(THE DATA Opens)

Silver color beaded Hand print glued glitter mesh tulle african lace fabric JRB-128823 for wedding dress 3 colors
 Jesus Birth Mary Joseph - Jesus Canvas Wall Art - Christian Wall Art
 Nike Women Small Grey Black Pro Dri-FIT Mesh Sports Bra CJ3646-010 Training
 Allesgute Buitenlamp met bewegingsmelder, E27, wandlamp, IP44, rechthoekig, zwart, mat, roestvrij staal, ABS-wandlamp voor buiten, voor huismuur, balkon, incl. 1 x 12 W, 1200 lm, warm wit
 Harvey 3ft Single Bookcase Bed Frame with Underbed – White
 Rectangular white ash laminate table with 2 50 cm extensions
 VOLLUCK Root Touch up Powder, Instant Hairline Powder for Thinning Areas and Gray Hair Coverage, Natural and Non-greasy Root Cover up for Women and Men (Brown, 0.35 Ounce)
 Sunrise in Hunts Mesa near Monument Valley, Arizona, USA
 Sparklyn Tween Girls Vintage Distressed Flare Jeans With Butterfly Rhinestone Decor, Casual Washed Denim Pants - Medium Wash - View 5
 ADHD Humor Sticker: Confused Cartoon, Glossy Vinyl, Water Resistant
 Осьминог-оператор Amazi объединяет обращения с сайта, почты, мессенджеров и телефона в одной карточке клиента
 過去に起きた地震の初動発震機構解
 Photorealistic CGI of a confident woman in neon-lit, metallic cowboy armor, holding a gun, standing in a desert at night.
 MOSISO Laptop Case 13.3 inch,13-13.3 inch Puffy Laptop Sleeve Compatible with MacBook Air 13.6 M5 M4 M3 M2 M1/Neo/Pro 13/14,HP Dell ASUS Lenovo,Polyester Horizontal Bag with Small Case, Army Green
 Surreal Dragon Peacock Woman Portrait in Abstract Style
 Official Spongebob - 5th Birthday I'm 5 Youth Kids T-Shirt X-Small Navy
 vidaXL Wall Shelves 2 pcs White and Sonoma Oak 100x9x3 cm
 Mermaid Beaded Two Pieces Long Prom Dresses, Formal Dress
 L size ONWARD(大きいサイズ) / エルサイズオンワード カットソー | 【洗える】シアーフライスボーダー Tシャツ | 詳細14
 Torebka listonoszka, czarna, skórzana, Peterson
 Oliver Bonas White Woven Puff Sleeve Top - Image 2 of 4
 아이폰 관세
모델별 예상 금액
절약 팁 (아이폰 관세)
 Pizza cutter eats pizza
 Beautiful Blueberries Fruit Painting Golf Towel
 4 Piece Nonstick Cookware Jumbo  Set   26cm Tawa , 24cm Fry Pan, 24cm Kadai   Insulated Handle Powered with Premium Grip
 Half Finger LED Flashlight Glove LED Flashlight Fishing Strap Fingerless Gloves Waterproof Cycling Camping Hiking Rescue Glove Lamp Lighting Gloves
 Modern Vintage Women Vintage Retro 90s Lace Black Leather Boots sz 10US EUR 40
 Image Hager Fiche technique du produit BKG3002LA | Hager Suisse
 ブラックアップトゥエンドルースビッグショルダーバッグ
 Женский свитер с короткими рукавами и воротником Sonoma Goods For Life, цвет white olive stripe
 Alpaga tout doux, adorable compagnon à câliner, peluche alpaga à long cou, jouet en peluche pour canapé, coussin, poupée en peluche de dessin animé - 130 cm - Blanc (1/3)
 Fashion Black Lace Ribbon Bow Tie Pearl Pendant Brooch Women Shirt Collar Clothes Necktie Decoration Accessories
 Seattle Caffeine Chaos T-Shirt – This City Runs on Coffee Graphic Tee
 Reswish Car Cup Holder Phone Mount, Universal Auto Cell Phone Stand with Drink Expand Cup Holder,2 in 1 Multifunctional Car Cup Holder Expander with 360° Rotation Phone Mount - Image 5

(THE DATA Closes)

> **EXERCISE PROMPT**: Lines from the start of the entries through the one containing "Sparklyn Tween Girls" are to be set down again exactly, both ends included.

> **RESPONSE TO THE EXERCISE**:
Silver color beaded Hand print glued glitter mesh tulle african lace fabric JRB-128823 for wedding dress 3 colors
 Jesus Birth Mary Joseph - Jesus Canvas Wall Art - Christian Wall Art
 Nike Women Small Grey Black Pro Dri-FIT Mesh Sports Bra CJ3646-010 Training
 Allesgute Buitenlamp met bewegingsmelder, E27, wandlamp, IP44, rechthoekig, zwart, mat, roestvrij staal, ABS-wandlamp voor buiten, voor huismuur, balkon, incl. 1 x 12 W, 1200 lm, warm wit
 Harvey 3ft Single Bookcase Bed Frame with Underbed – White
 Rectangular white ash laminate table with 2 50 cm extensions
 VOLLUCK Root Touch up Powder, Instant Hairline Powder for Thinning Areas and Gray Hair Coverage, Natural and Non-greasy Root Cover up for Women and Men (Brown, 0.35 Ounce)
 Sunrise in Hunts Mesa near Monument Valley, Arizona, USA
 Sparklyn Tween Girls Vintage Distressed Flare Jeans With Butterfly Rhinestone Decor, Casual Washed Denim Pants - Medium Wash - View 5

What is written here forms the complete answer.